Hello Mike!
** On Monday 01.02.21 - 16:35, Mike Powell wrote to AUGUST ABOLINS:
>> Prior to all that, I experimented with operating a low key BBS
>> for about 3 years using RBBS-PC. ...
MP> There was an RBBS board that ran in Louisville for several
MP> years in the 1980's/90's. It was called Deckmann's
MP> Exchange. As a caller, I liked that software.
My introduction to RBBS-PC arrived on a disk featured in a
magazine (or.. it was via mail-in request, I'm not sure)
But is so facinating to be the sysadmin of your own system of
callers. The mods and recompilations were fun.

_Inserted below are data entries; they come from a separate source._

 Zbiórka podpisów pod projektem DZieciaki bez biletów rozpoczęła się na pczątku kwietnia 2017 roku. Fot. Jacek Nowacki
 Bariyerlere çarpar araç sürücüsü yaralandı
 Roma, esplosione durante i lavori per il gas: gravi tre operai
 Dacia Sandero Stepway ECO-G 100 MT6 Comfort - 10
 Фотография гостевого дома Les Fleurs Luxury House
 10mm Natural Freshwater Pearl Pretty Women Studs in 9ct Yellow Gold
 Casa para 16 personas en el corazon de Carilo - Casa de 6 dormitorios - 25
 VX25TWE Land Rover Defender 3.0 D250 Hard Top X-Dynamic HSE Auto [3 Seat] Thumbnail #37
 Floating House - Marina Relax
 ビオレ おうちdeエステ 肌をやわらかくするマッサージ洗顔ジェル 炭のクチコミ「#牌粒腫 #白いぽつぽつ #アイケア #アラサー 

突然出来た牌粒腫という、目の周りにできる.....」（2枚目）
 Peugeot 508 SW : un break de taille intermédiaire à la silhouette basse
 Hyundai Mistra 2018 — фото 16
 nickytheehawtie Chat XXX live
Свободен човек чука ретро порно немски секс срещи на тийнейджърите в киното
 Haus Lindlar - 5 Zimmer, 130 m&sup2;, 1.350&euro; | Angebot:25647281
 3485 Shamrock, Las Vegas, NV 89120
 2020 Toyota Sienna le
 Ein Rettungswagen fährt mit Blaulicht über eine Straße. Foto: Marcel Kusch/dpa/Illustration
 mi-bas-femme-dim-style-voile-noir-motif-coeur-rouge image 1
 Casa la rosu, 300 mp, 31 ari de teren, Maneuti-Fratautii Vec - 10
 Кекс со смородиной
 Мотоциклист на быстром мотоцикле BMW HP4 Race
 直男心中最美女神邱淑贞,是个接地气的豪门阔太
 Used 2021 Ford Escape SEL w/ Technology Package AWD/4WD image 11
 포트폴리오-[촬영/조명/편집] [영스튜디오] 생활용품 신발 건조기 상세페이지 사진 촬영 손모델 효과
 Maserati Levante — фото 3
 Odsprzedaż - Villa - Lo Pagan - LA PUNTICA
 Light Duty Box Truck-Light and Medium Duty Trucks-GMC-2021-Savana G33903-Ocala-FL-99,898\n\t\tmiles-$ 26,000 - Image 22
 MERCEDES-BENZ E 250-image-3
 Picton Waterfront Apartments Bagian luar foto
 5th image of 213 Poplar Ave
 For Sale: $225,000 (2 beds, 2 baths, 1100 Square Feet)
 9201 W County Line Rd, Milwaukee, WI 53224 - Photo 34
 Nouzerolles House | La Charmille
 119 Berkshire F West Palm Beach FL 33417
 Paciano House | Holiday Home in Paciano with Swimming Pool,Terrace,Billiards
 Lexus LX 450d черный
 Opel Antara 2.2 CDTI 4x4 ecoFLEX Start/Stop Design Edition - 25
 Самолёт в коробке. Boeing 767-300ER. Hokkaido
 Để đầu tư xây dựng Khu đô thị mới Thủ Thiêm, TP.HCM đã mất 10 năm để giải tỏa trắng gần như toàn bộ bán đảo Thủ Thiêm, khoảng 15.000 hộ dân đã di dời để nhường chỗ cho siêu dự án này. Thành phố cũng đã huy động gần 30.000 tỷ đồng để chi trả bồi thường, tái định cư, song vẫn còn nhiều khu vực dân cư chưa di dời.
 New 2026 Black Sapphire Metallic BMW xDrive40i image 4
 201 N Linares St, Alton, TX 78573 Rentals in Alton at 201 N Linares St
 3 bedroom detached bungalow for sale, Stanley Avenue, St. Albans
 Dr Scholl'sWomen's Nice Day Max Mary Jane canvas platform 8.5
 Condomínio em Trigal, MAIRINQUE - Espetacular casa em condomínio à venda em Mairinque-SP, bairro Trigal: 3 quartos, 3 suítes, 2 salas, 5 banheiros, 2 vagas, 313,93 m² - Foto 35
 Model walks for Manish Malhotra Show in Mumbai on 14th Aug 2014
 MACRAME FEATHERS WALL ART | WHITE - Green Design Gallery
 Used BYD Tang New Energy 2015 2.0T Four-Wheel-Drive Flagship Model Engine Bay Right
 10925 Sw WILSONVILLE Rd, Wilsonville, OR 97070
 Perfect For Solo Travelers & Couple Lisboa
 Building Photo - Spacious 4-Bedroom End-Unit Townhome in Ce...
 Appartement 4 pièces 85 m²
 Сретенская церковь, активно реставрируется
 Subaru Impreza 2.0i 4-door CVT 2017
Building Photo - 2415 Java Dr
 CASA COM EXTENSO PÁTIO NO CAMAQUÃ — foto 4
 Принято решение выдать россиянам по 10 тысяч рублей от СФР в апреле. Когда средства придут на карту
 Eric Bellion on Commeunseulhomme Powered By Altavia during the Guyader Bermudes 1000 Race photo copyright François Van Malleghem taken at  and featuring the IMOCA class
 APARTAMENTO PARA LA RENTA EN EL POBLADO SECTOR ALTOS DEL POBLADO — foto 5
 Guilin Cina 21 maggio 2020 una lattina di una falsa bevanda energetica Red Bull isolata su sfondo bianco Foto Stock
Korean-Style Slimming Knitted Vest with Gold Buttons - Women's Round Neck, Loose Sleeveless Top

>> In the early times, some sysops were very protective of
>> their user base. During the dialup days, I would just try
>> to call any system that didn't have a busy signal. One
>> tended to be easier to connect to than many of the others -
>> it was some weird 40 column wide thing and would only
>> connect at 1200 bps. I'd hang around and post messages..
MP> Sounds like a Commodore board, from the description. There
MP> were a lot of 300 and 1200 baud Commodore boards in
MP> Louisville for a time. I never had any issues with other
MP> sysops not wanting BBS ads posted, though, just as long as
MP> I put them in the correct message areas. :)
The bbs that essentially didn't want me to call anymore, was the
only one that wasn't interested in hearing about the outside
world. Now that I think about it, the sysop was probably running
it as a personnal "letters-to-sysop" kind of system. If people
weren't interracting with the sysop and expounding the virtues
of his 40char-wide Commadore board, then he wasn't interested in
people learning about echomail, Compuserve, usenet, etc.. or
anything else that would steer people away from him.